Top of Entries supplied

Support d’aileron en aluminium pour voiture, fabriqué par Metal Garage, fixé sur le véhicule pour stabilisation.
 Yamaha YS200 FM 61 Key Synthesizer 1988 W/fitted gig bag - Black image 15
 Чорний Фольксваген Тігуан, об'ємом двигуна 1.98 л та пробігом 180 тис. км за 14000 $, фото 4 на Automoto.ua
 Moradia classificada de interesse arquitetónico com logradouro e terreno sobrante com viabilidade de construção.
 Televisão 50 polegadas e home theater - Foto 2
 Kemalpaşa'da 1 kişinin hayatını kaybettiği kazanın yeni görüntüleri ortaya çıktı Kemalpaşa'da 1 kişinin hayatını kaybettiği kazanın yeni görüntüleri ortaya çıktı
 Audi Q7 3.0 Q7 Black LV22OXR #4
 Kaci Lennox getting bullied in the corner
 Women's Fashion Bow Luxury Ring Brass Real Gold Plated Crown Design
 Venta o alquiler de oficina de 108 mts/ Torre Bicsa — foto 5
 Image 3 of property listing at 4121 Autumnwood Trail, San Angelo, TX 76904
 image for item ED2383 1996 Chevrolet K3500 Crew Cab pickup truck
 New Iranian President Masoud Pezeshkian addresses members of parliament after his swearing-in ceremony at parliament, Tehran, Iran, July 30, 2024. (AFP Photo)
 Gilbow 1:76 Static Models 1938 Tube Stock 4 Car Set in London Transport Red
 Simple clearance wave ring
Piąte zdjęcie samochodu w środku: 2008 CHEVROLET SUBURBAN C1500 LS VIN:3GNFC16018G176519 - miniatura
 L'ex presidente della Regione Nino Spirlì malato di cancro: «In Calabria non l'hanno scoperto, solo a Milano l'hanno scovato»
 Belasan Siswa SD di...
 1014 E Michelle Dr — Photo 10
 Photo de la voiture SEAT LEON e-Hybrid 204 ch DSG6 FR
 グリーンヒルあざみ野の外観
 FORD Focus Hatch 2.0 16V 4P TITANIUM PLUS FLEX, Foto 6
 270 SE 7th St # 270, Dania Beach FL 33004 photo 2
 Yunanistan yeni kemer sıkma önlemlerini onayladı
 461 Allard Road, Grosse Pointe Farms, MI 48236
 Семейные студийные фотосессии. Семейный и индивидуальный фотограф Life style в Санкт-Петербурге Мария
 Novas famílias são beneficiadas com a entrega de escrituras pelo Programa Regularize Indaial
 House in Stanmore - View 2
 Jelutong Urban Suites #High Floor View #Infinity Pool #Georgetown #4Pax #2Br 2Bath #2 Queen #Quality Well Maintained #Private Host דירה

Bottom of Entries supplied

### What the exercise asks:
Repeat the material above in full, quoting it exactly.

### Exercise solution:
Support d’aileron en aluminium pour voiture, fabriqué par Metal Garage, fixé sur le véhicule pour stabilisation.
 Yamaha YS200 FM 61 Key Synthesizer 1988 W/fitted gig bag - Black image 15
 Чорний Фольксваген Тігуан, об'ємом двигуна 1.98 л та пробігом 180 тис. км за 14000 $, фото 4 на Automoto.ua
 Moradia classificada de interesse arquitetónico com logradouro e terreno sobrante com viabilidade de construção.
 Televisão 50 polegadas e home theater - Foto 2
 Kemalpaşa'da 1 kişinin hayatını kaybettiği kazanın yeni görüntüleri ortaya çıktı Kemalpaşa'da 1 kişinin hayatını kaybettiği kazanın yeni görüntüleri ortaya çıktı
 Audi Q7 3.0 Q7 Black LV22OXR #4
 Kaci Lennox getting bullied in the corner
 Women's Fashion Bow Luxury Ring Brass Real Gold Plated Crown Design
 Venta o alquiler de oficina de 108 mts/ Torre Bicsa — foto 5
 Image 3 of property listing at 4121 Autumnwood Trail, San Angelo, TX 76904
 image for item ED2383 1996 Chevrolet K3500 Crew Cab pickup truck
 New Iranian President Masoud Pezeshkian addresses members of parliament after his swearing-in ceremony at parliament, Tehran, Iran, July 30, 2024. (AFP Photo)
 Gilbow 1:76 Static Models 1938 Tube Stock 4 Car Set in London Transport Red
 Simple clearance wave ring
Piąte zdjęcie samochodu w środku: 2008 CHEVROLET SUBURBAN C1500 LS VIN:3GNFC16018G176519 - miniatura
 L'ex presidente della Regione Nino Spirlì malato di cancro: «In Calabria non l'hanno scoperto, solo a Milano l'hanno scovato»
 Belasan Siswa SD di...
 1014 E Michelle Dr — Photo 10
 Photo de la voiture SEAT LEON e-Hybrid 204 ch DSG6 FR
 グリーンヒルあざみ野の外観
 FORD Focus Hatch 2.0 16V 4P TITANIUM PLUS FLEX, Foto 6
 270 SE 7th St # 270, Dania Beach FL 33004 photo 2
 Yunanistan yeni kemer sıkma önlemlerini onayladı
 461 Allard Road, Grosse Pointe Farms, MI 48236
 Семейные студийные фотосессии. Семейный и индивидуальный фотограф Life style в Санкт-Петербурге Мария
 Novas famílias são beneficiadas com a entrega de escrituras pelo Programa Regularize Indaial
 House in Stanmore - View 2
 Jelutong Urban Suites #High Floor View #Infinity Pool #Georgetown #4Pax #2Br 2Bath #2 Queen #Quality Well Maintained #Private Host דירה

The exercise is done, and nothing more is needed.